*Exercise brief*
Pictures must not appear in the copy. Set down exactly the line with "登錄號:F0026208藏品圖，第4張" and each line after it through the end of the data below.

*Task inputs*
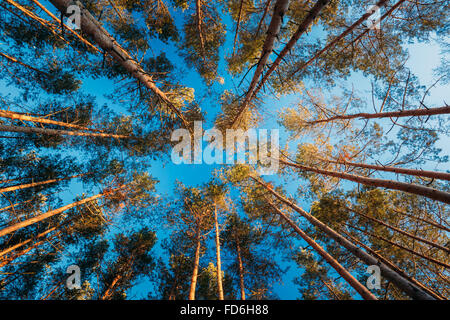 Couvert de grands pins. Branches supérieures des bois dans les forêts de conifères. Low Angle View Banque D'Images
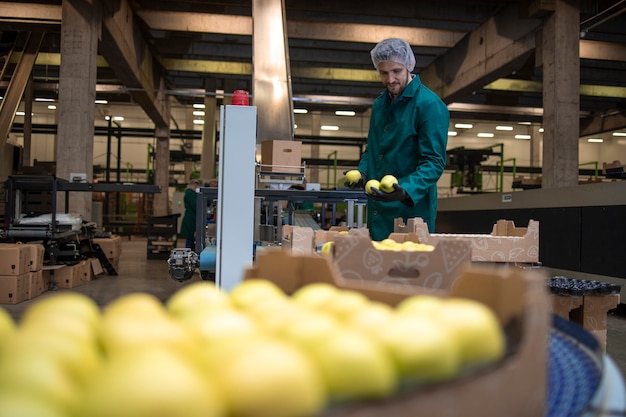 Trabajando en la fábrica de alimentos orgánicos clasificando manzanas verdes y transportando la cinta transportadora al almacenamiento en frío.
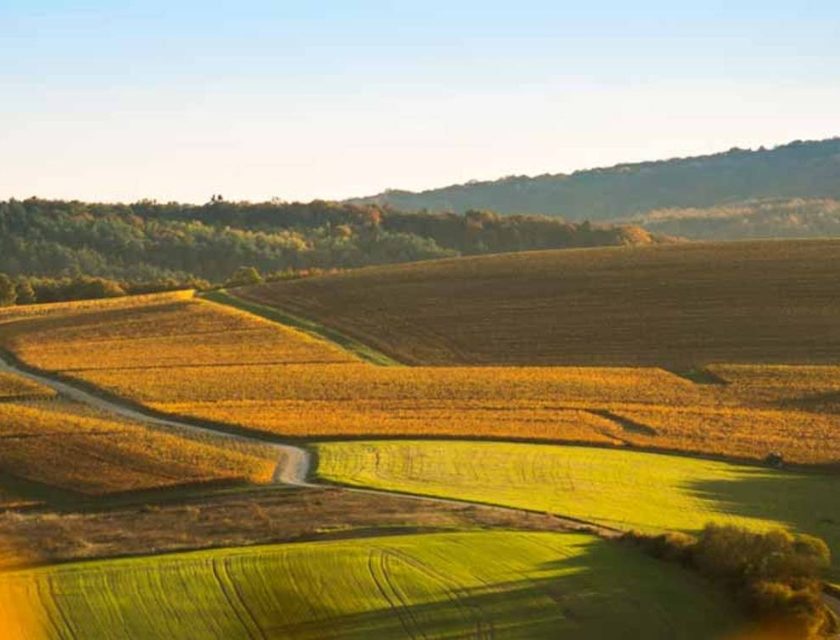 Vendemmia Champagne 2026, la più precoce di sempre qualità promettente. Il punto con il Comité Champagne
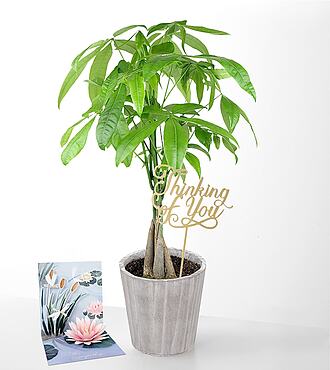 Thinking of you Money Tree - Money Tree with Pick and Card - FedEx - P2243CP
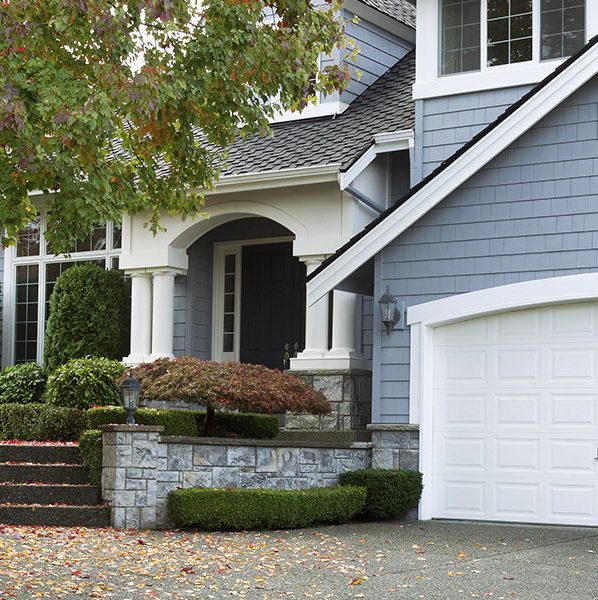 Front yard of blue two-story house next to a maple tree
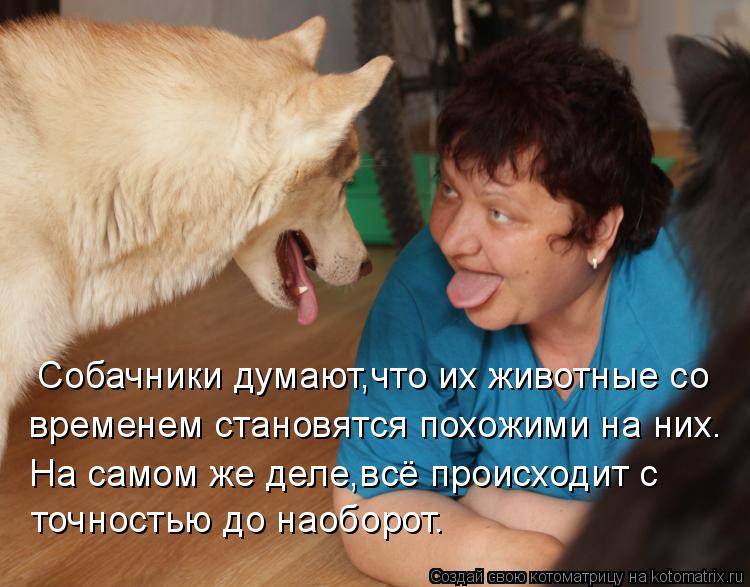 Что кошки думают о людях?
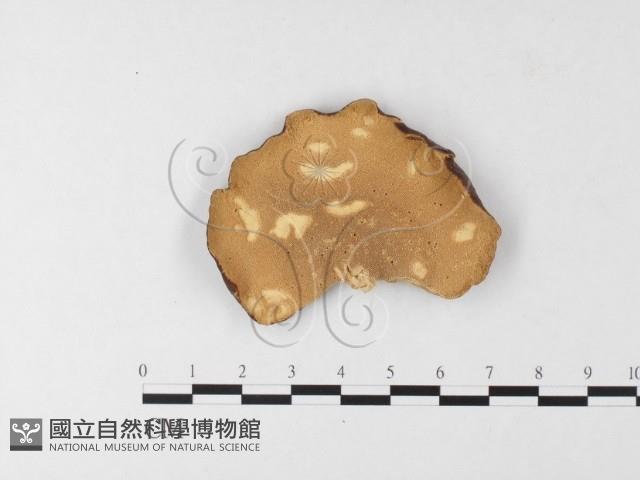 登錄號:F0026208藏品圖，第4張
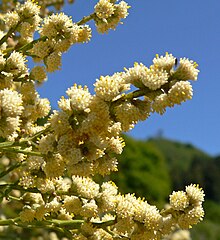 Baccharis articulata 4.jpg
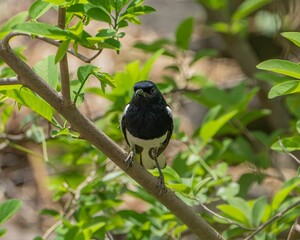 Oriental magpie-robin standing on a tree branch with green leaves while looking at the camera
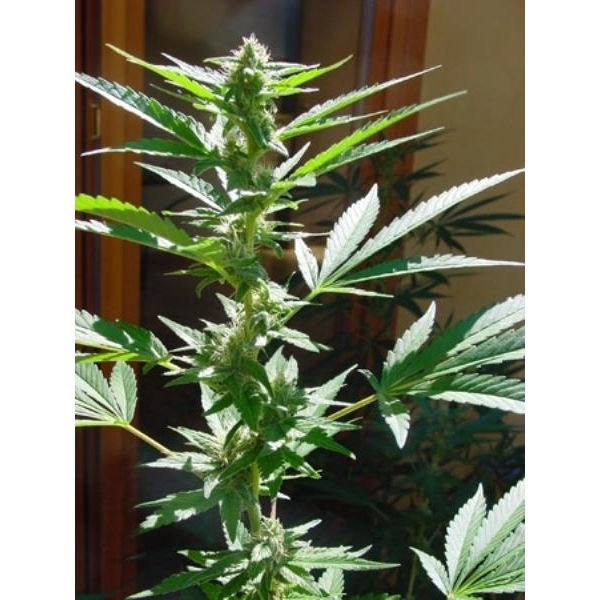 Early Queen (Mr. Nice) regularne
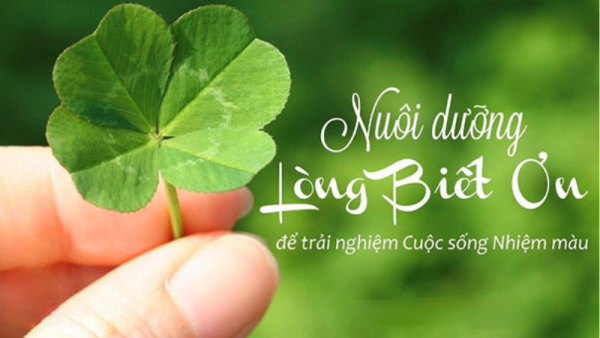 Học cách nói lời cảm ơn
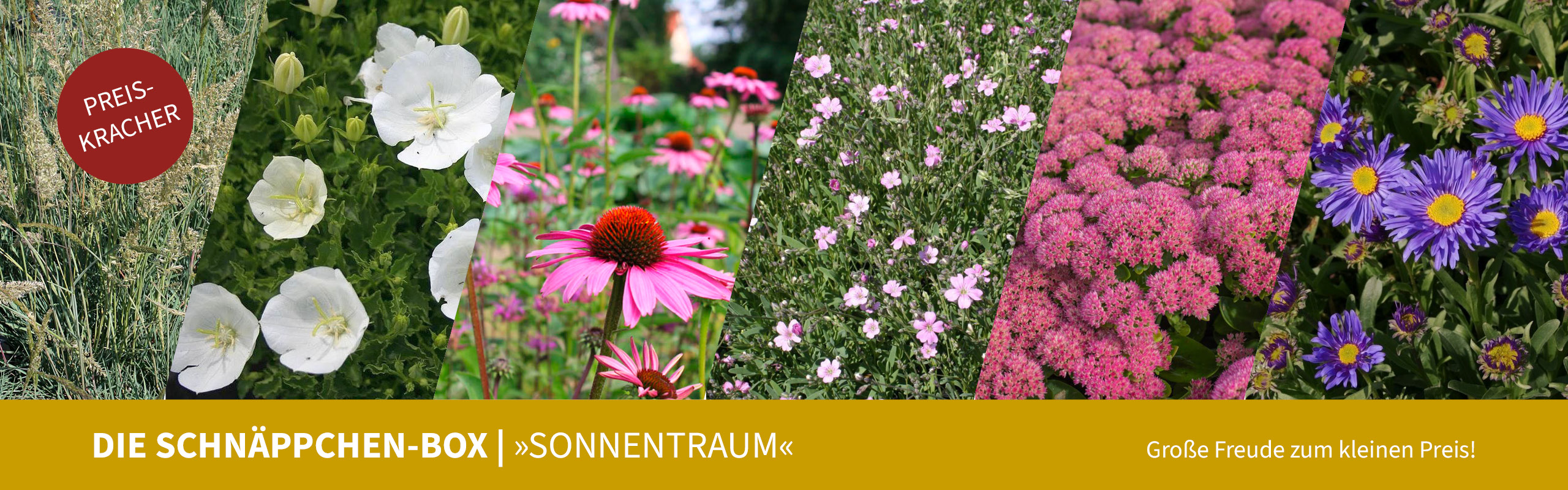 Die Schnäppchen-Box "Sonnentraum". Große Freude zm kleinen Preis!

*Completed task*
 登錄號:F0026208藏品圖，第4張
 Baccharis articulata 4.jpg
 Oriental magpie-robin standing on a tree branch with green leaves while looking at the camera
 Early Queen (Mr. Nice) regularne
 Học cách nói lời cảm ơn
 Die Schnäppchen-Box "Sonnentraum". Große Freude zm kleinen Preis!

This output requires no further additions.